# EN: mon cœur ne battait que pour toi



## Frenchy's rule

Je veux dire "Mon coeur ne battait que pour toi" en anglais et j'aimerais savoir si je peux utiliser "used to" : "My heart used to beat only for you".

Je sais qu'on utilise "used to" pour parler d'une habitude dans le passé. Est-ce qu'on peut considérer qu'avant la rupture amoureuse, le fait que le coeur de la personne qui parle ne battait que pour elle était une habitude maintenant révolue (et donc on utilisera "used to"), ou bien on peut se contenter de dire "My heart beat only for you" ?


----------



## Micia93

"my heart used to beat*ing* only for you" ?


----------



## Ellea1

Hi,

I'd say the second one "My heart beat only for you".

I'm not sure about the first one. Sounds peculiar for me.


----------



## Quaeitur

Micia93 said:


> "my heart used to beat*ing* only for you" ?


I disagree. It would be My heard used to beat only for you as Frenchy's rule suggested.



			
				Ellea1 said:
			
		

> "My heart beat only for you".


The correct form would be: My heart beat*s* only for you, but this doesn't translate the *imparfait *in French.


----------



## Micia93

In which case do we use "used to + ing" Quaietur ?
I've often seen it


----------



## BEEKEEPER

It was used to beating...


----------



## Ellea1

Micia93 said:


> In which case do we use "used to + ing" Quaietur ?
> I've often seen it


 
 When the habit is strill true in the present.

I am used to visiting Word Reference's forum.


----------



## Zoulllien

Micia93 said:


> In which case do we use "used to + ing" Quaietur ?
> I've often seen it


  "To be used to + -ing" a le sens de "être habitué à", ca ne s'utilise pas pour exprimer le passé.


----------



## Quaeitur

Ellea1 said:


> When the habit is strill true in the present.
> 
> I am used to visiting Word Reference's forum.


Thank you for that rule!

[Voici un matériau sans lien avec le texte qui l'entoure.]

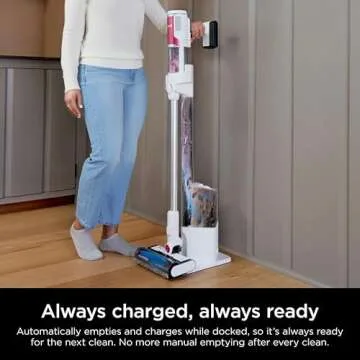 SHARK Clean & Empty Cordless Stick Vacuum Cleaner, Auto-Empty System, Self Cleaning Brushroll, HEPA ...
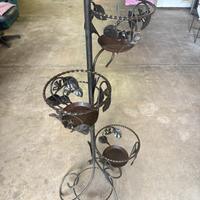 Porta vasi Artigianale in ferro battuto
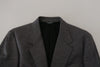 جاكيت بليزر رمادي من الصوف المرن بقصّة Slim Fit من Dolce &amp; Gabbana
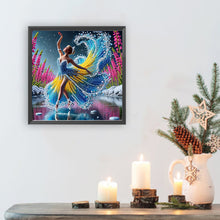 Load image into Gallery viewer, Girl Dancing On Ice 30*30CM(Canvas) Partial Special Shaped Drill Diamond Painting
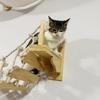 Cat Solid Wooden Suspension Bridge Wall Mounted Sisal Cat Climbing Ladder Treads For Cats to Move and Play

I didn't know it 

I wonder if it means we should say:

My heart used to beating for you
My heart used to beat only for you

...


----------



## Micia93

Merci Ellea et Zoulllien 
ça m'évitera de continuer à faire ce genre d'erreurs !


----------



## Frenchy's rule

Je vous remercie pour vos réponses, mais je préfère attendre l'avis d'un natif.


----------



## Suehil

'My heart used to beat for you' means that it happened in the past (imparfait)

'My heart is used to beating for you' means that my heart is accustomed to beating for you.

'My heart used to beating' is incorrect and means nothing.


----------



## Micia93

Suehil said:


> 'My heart used to beat for you' means that it happened in the past (imparfait)
> 
> 'My heart is used to beating for you' means that my heart is accustomed to beating for you.
> 
> 'My heart used to beating' is incorrect and means nothing.


 
tout s'éclaire , c'est le "is" que j'oubliais !


----------



## Oddmania

Suehil said:


> 'My heart used to beat for you' means that it happened in the past (imparfait)
> 
> 'My heart is used to beating for you' means that my heart is accustomed to beating for you.
> 
> 'My heart used to beating' is incorrect and means nothing.



What about _My heart was used to beating for you_ ? 

As far as I know, _used to_ is used to talk about things that happened several times in the past, but no longer go on.

And _to be used to + ING_ (in the Present or Past tense) is used to talk about real habits, something ritual, usual and customary.

So I guess the latter doesn't really work here as we can't say it's habit ?


----------



## Suehil

'... was used to...' could have meant 'in the past' in Shakespearean times, but nowadays (and for several hundred years) it means, '.. était habitué...'


----------



## Lifeisacabaret

I'm with Sue, this has to translate as either...
my heart used to beat only for you (if the love has ended) or my hearts beats only for you if it continues!
HTH


----------



## Frenchy's rule

Thanks everybody !
The love has ended yeah, so if I say "My heart beat only for you", the past tense doesn't imply the idea of habit in the past over now, does it ?


----------



## Lifeisacabaret

I think "my heart used to beat only for you" is better as it really emphasises that the love & the action of the heart beating for that person are both now in the past.   ie it did it & it doesn't do it any more.


----------